災救マップとたすかんねんの連携イメージ(稲場圭信 提供)
災救マップとたすかんねんの連携イメージ(稲場圭信 提供)

 課題は、たすかんねん本体と設置にかかるコストだ。「国の補助金を使って各地に設置できないか検討しています。実装を進める組織として、2019年に一般社団法人地域情報共創センターを設立しました。各自治体との連携を進めています」(稲場さん)

伝承と技術のセットで災害を自分ごとに

 災害には日頃からの備えが大切だ。しかし、災害の記憶は時間とともに風化しやすい。また、正常性バイアス※が働くため、災害時に避難の遅れも生じる。「風化は必ず起きるものです。正しく恐れることが大切だといわれますが、とても難しいことなのです」(稲場さん)。

※正常性バイアス:何らかの危険が想定されるときに、リスクを過小評価して大丈夫だろうと思い込んでしまうこと

 それでも災害を自分ごととして捉えるためには、歴史と技術の組み合わせが効果的だと稲場さんは話す。
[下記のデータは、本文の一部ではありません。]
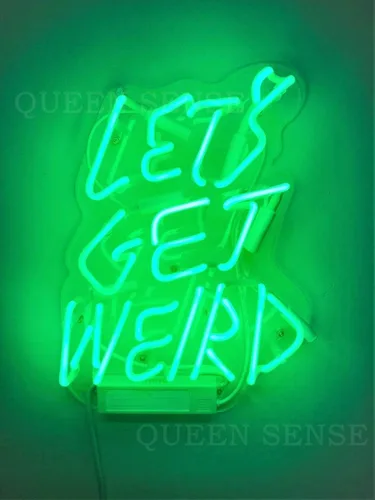 Vista 2 de Queen Sense 14 "Let's Get Weird Neon Sign Light Decorado Panel Acrílico Hecho A Mano Bar Pub Man Lámpara de Cueva UT183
 「東日本大震災では、地域で代々語り継がれていた場所に避難したのに、想定以上の津波で助からなかった人もいました。歴史の伝承だけでなく、技術の力を借りて体験と結びつけるのが良いと思います。例えば、災害を経験した語り部さんの話を聞いた後に、タブレットを使って被害予測を学んだり、災救マップを使って楽しく避難訓練を行ったりする。両方からアプローチすれば、捉え方が違ってくるのではないでしょうか」

■稲場 圭信(いなば・けいしん)
大阪大学大学院人間科学研究科 教授
東京大学文学部卒、ロンドン大学キングスカレッジ大学院博士課程修了。ロンドン大学、フランス社会科学高等研究院(EHESS)日本研究所、國學院大學日本文化研究所、神戸大学助教授(発達科学部人間科学研究センター)を経て、2010年に大阪大学准教授。2016年より現職。研究分野は、宗教の社会貢献研究、ソーシャル・キャピタルとしての宗教研究、利他主義・市民社会論。
防災見守り共同研究代表、大阪大学社会ソリューションイニシアティブ(SSI)基幹プロジェクト「地域資源とITによる減災・見守りシステムの構築」代表も務める。宗教者災害救援ネットワーク発起人・共同運営者、宗教者災害支援連絡会世話人、未来共生災害救援マップ運営者。